- Genre: Crime drama
- Created by: Stephen Butchard
- Written by: Stephen Butchard
- Directed by: Susanna White
- Starring: Andrew Lincoln Eve Best Inday Ba Paul McGann Amanda Mealing Bill Paterson Mark Lewis Jones
- Composer: Nina Humphreys
- Country of origin: United Kingdom
- Original language: English
- No. of series: 1
- No. of episodes: 2 (list of episodes)

Production
- Executive producer: Christine Langan
- Producer: Lucy Bedford
- Production locations: National Gallery, Trafalgar Square, Central London, England, UK
- Running time: 90 mins. (with advertisements)
- Production company: Granada Television

Original release
- Network: ITV
- Release: 15 November – 16 November 2004

= Lie with Me (2004 TV series) =

2004 British miniseries

Lie with Me is a British television crime drama series first broadcast on ITV from 15 to 16 November 2004. The two-part serial stars Andrew Lincoln and Eve Best as Will Tomlinson and Roselyn Tyler, a police officer and a victim drawn together during the course of a murder investigation. The serial received good viewing figures at the time of broadcast, but was critically panned, many blaming the poor ending as a reason for ITV not to renew it as an ongoing series. The DVD of the serial was released on 15 January 2007.

==Plot==
Drugged with GHB, Ros Tyler (Eve Best) has no recollection of her weekend activities. When she awakens, however, she discovers that she has been raped, and her roommate has been murdered. Will (Andrew Lincoln) is assigned to the case as Lead Investigator. When Will and Ros slowly find attraction to one another - she for the security and he for the frailty - their desire for justice, and vindication, leads them towards a difficult and illegal action.

==Cast==
- Andrew Lincoln as DI Will Tomlinson
- Eve Best as Roselyn Tyler
- Inday Ba as Ms.
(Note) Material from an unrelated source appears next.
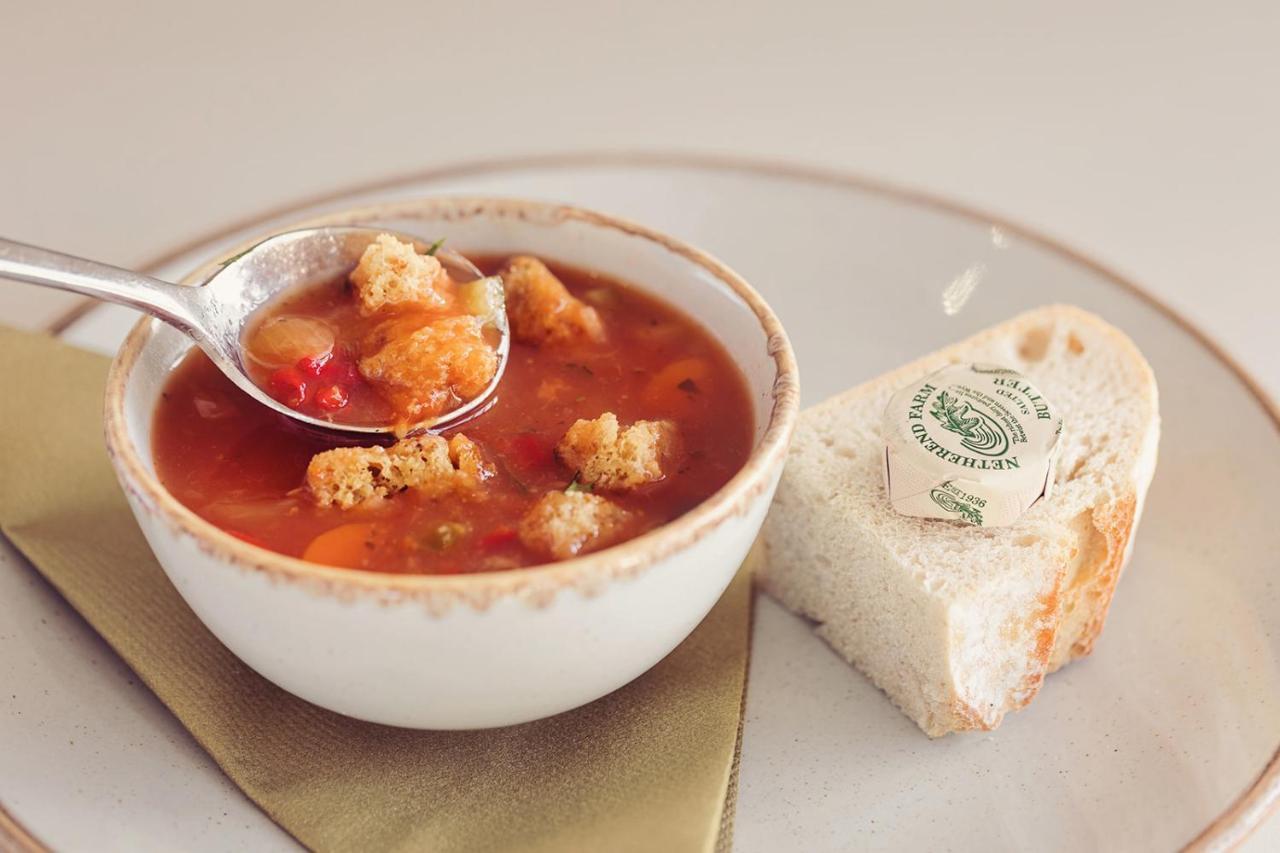Longlands Inn & Cottages Карнфорт Экстерьер фото A bowl of soup with a bread roll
Reed
- Paul McGann as Gerry Henson
- Amanda Mealing as Carolyn Henson
- Bill Paterson as DCI Collman
- Mark Lewis Jones as Paul Stebbings
- Anthony Flanagan as Tom Fraser
- Josephine Butler as Donna Grogan

==Episode list==

| No. | Title | Directed by | Written by | Original release date | UK viewers (millions) |
| 1 | "Episode 1" | Susanna White | Stephen Butchard | 15 November 2004 | 7.23m |
Ros Tyler wakes from a drugged sleep to find that her flatmate is dead and she herself has been viciously sexually assaulted. She has also suffered acute memory loss and has no recollection of events of the previous night. DI Will Tomlinson, who is leading the investigation, finds himself falling for Ros and becomes convinced of the killer's identity, but his world is turned upside down when the CPS decide not to prosecute.
| 2 | "Episode 2" | Susanna White | Stephen Butchard | 16 November 2004 | 5.41m |
After deciding to lie, Ros tells the court that she can identify her attacker. He protests his innocence but the decision goes against him. Soon she starts to receive anonymous letters from someone who knows that she has lied. Her relationship with Will changes and the pressures begin to show. She soon discovers that the truth can be more dangerous than a lie.